The link (1999) IEEE 802.11-1999: Wireless LAN Medium Access Control (MAC) and Physical Layer (PHY) Specifications. http://standards.ieee.org/getieee802/download/802.11-1999.pdf is 404. Can someone find an alternate source? —Preceding unsigned comment added by Gibbocool (talkcontribs) 04:25, 29 October 2008 (UTC)

Layers included in encryption

Why doesn't the article tell us which layer the encryption occurs on? What fields in the frame are in plaintext and which are encrypted? Rocketman768 (talk) 19:04, 10 October 2008 (UTC)

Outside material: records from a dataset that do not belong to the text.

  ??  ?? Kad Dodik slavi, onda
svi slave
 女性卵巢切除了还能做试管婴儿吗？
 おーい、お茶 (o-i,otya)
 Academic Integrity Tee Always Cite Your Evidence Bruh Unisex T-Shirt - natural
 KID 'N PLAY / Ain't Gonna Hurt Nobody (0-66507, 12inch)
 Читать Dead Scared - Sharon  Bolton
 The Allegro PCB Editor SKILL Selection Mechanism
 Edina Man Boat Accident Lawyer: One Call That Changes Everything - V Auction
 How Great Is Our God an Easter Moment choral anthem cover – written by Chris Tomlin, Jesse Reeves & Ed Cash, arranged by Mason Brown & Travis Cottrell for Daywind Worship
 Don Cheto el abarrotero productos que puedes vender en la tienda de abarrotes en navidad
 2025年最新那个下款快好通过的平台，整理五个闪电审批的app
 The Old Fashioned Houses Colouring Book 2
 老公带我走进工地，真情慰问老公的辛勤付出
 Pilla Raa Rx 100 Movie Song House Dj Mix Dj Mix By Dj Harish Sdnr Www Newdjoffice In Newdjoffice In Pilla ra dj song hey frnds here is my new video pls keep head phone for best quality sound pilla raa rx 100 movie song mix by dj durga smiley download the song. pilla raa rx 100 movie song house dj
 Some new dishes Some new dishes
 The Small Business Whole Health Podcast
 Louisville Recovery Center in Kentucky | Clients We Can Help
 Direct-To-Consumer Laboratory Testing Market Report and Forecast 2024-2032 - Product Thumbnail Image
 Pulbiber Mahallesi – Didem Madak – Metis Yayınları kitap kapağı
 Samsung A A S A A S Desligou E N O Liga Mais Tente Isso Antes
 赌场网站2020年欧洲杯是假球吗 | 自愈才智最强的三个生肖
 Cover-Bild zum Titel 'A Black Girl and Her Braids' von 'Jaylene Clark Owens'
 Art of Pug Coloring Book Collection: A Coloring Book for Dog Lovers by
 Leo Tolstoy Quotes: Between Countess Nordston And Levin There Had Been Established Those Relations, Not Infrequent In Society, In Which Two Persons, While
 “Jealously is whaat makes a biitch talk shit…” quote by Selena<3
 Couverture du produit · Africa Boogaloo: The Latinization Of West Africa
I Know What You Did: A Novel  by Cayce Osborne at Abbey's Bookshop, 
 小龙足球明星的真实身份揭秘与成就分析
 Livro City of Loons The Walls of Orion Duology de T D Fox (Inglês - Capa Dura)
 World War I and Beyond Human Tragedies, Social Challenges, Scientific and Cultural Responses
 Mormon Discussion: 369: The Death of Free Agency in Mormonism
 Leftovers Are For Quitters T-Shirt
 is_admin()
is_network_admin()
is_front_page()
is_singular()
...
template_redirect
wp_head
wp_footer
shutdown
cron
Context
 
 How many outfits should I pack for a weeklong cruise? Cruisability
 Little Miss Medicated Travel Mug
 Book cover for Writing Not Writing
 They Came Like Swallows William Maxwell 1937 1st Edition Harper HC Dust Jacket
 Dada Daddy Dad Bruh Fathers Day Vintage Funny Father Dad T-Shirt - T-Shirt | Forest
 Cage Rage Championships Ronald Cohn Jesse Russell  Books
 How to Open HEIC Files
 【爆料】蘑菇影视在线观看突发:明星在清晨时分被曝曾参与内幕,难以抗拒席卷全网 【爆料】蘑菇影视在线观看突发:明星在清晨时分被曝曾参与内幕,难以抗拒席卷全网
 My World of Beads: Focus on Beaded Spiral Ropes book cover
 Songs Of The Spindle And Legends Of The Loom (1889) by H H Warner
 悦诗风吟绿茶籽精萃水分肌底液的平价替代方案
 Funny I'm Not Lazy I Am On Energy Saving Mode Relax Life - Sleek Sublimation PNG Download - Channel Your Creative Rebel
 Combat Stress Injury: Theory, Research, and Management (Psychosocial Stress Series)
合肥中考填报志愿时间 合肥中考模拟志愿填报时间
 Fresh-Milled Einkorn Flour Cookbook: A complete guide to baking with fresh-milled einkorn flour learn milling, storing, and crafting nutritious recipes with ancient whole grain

Big piece missing in atricle about mode of operations

http://www.cisco.com/en/US/tech/tk722/tk809/technologies_tech_note09186a0080094581.shtml You can choose Open, Shared Key, or both of these options in order to set the authentications that the AP will recognize.

   *
     Open (RECOMMENDED)—This default setting allows any device, regardless of its WEP keys, to authenticate and attempt to associate.
   *
     Shared Key—This setting tells the AP to send a plain-text, shared key query to any device that attempts to associate with the AP.
     Note: This query can leave the AP open to a known-text attack from intruders. Therefore, this setting is not as secure as the Open setting.

this has security implications and should be discussed.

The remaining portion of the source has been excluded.